COMP6032 - AI Flashcards
What are the 5 types of Agent and what is the difference between them?
Simple Reflex Agents
- Acts solely what it can see.
- Cannot solve problems requiring memory.
Agents with State
- Has basic memory, so can act on previous percepts as well as current.
Goal-based Agents
- Choose an action based on the goal.
- Doesn’t just react, but also plans.
Utility-based Agents
- Extended Goal-based which looks for an optimal solution.
Learning Agents
- Behaviour changes based on feedback from the environment.
What are some examples of Informed and Uninformed Search?
Informed
- Dijkstra’s Algorithm
- A*
Uninformed
- BFS
- DFS
- Iterative Deepening
What is the difference between Weak AI and Strong AI?
Weak AI is designed to a Goal or a Behaviour whereas Strong AI actually has a mind and complete human-like autonomy.
Strong AI does not exist in the real world.
What does PEAS stand for?
Performance Measure - criteria for success.
Environment
Actuators
Sensors
What is the Minimax algorithm?
Minimax is a Game Theory algorithms with 2 agents.
The maximiser will make decisions to maximise their score.
The minimiser will make decisions to minimise the maximiser’s score.

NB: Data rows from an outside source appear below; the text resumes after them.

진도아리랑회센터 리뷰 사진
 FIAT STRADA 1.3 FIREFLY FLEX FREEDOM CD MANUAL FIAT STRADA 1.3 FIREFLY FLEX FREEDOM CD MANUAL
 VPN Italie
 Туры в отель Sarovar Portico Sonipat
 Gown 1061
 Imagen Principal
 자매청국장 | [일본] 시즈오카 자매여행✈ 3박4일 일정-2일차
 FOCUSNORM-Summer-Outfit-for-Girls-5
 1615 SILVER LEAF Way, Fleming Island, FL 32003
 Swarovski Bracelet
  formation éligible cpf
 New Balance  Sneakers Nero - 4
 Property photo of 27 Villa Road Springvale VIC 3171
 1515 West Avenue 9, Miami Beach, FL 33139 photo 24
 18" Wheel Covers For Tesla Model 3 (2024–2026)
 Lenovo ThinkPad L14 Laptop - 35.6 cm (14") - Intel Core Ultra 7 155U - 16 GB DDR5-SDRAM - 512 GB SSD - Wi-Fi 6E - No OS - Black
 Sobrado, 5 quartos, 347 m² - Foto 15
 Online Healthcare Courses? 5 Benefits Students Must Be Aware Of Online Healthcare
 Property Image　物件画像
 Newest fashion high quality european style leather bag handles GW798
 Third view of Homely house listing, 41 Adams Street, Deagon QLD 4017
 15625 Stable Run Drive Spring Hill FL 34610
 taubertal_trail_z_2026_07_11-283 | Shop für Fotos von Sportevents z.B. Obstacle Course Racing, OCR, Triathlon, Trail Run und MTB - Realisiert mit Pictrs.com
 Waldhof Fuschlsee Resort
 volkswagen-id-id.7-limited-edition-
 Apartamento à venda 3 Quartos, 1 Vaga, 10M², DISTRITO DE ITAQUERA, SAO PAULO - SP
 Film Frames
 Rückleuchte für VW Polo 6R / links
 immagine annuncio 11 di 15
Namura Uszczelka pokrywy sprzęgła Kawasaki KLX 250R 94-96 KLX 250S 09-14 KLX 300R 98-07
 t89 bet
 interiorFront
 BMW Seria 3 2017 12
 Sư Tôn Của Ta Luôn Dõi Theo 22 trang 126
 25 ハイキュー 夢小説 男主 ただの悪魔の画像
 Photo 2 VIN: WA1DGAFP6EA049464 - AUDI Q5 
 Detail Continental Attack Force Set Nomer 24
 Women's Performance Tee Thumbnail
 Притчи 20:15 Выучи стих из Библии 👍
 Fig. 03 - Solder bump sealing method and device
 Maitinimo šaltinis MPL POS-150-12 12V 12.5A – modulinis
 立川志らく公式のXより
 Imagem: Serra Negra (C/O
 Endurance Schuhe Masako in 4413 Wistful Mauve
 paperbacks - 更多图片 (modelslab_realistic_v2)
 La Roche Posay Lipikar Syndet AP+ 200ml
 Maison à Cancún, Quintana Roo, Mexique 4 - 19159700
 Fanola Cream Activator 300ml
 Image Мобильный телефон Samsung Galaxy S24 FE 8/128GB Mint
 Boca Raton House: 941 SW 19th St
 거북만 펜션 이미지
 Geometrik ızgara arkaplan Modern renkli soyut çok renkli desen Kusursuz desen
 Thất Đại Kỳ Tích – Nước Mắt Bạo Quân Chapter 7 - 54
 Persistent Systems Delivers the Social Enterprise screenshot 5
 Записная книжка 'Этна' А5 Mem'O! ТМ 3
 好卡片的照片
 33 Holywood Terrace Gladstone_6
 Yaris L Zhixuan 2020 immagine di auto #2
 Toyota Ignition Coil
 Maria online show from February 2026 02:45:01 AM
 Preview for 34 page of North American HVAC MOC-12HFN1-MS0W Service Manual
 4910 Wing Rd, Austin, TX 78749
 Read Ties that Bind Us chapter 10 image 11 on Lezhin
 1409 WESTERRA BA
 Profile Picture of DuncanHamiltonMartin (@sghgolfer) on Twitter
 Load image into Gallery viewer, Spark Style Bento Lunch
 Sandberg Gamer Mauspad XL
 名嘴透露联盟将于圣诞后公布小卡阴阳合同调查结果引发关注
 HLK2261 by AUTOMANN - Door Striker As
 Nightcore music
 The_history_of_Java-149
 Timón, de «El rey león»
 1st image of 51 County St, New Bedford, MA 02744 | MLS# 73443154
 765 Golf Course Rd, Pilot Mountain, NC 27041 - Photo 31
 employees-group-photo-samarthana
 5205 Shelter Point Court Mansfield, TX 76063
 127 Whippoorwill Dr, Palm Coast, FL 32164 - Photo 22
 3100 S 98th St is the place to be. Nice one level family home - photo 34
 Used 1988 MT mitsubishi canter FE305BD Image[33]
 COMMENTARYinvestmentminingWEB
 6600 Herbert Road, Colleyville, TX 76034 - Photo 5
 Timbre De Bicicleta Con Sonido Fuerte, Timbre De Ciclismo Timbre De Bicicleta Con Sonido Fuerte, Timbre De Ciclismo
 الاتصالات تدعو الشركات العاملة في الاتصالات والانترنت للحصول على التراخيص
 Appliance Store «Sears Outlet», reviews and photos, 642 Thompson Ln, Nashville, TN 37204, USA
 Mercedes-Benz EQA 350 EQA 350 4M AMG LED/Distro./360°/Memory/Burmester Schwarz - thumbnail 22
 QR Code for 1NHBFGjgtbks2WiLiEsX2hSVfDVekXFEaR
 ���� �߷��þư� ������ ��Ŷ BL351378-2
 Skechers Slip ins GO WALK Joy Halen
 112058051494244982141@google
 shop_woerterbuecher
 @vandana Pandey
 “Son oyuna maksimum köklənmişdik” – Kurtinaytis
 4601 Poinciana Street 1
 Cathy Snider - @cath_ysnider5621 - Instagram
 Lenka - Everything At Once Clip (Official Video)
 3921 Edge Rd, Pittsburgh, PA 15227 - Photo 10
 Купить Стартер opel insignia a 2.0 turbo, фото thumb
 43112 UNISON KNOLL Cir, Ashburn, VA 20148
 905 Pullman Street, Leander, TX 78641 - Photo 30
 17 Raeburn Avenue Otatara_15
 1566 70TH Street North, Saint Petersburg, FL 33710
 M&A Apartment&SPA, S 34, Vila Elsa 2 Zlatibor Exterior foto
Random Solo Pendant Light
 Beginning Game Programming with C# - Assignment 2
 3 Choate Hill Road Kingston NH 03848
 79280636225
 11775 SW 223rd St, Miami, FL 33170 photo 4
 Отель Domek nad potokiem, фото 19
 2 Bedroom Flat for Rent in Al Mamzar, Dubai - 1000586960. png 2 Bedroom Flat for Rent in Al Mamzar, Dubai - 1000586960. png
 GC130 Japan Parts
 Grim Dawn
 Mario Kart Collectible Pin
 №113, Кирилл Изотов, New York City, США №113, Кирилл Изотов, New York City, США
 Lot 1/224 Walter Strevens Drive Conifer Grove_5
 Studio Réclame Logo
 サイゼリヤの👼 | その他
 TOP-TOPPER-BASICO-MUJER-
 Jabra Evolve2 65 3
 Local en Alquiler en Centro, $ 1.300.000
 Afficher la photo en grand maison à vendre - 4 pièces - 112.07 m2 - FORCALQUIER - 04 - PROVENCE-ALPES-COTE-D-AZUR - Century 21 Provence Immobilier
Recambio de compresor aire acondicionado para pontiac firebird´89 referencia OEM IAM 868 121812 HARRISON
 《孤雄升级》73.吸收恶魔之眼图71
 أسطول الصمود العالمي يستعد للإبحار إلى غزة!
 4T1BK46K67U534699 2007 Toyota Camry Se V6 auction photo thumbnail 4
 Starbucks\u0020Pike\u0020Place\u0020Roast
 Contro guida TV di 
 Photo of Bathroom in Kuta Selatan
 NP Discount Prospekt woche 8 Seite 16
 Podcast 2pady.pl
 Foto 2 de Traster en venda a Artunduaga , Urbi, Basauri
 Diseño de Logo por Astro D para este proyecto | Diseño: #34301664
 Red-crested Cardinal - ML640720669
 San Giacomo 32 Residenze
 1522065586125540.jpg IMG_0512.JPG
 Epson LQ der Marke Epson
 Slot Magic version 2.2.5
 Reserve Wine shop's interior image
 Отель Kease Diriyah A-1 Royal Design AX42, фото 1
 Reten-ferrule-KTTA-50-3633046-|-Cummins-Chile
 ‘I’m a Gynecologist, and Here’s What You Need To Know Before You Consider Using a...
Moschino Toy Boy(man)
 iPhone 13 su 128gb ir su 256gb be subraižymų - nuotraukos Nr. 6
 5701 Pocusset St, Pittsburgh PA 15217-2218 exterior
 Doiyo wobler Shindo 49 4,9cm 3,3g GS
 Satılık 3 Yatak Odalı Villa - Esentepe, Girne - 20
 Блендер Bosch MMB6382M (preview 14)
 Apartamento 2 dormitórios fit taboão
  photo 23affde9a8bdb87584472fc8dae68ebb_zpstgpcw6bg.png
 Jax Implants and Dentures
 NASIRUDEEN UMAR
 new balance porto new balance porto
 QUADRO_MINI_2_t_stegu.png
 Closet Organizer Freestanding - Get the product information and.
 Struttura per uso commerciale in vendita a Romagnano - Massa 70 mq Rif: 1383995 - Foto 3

Both players know that the other will play their move by the opposite extreme, and will make their own decisions accordingly
It can be computed recursively.
What is Alpha-Beta Pruning?
Alpha-Beta Pruning is an optimisation over the Minimax algorithm where branches that have not been fully evaluated may be dismissed based on a partial evaluation.
When we compute the decision for a particular turn, rather than computing all of the results and selecting the minimum/maximum, we update a temporary state after every option is computed; <= or >= x.
Consider a 1-turn-per-player game with 2 choices per turn where the maximiser starts.
The 4 possible options that the second player (minimiser) can choose from on the final turn are 3, 4, 2 and 5.
The maximiser will evaluate their first choice as min(3,4) = 3.
When computing the second turn, they will see the 2 and know that the value of that choice is <= 2.
If x <= 2, we know that 3 > x; therefore the 5 (or any number of subsequent branches) does not need to be considered.
What is Propositional Logic?
The simplest type of Logic.
There are two tokens:
= Sentences / statements
= Connectives / operators
== Conjunction (AND ‘∧’)
== Disjunction (OR ‘∨’)
== Implication (‘⇒’)
=== If A is true, B must also be true for the output to be true.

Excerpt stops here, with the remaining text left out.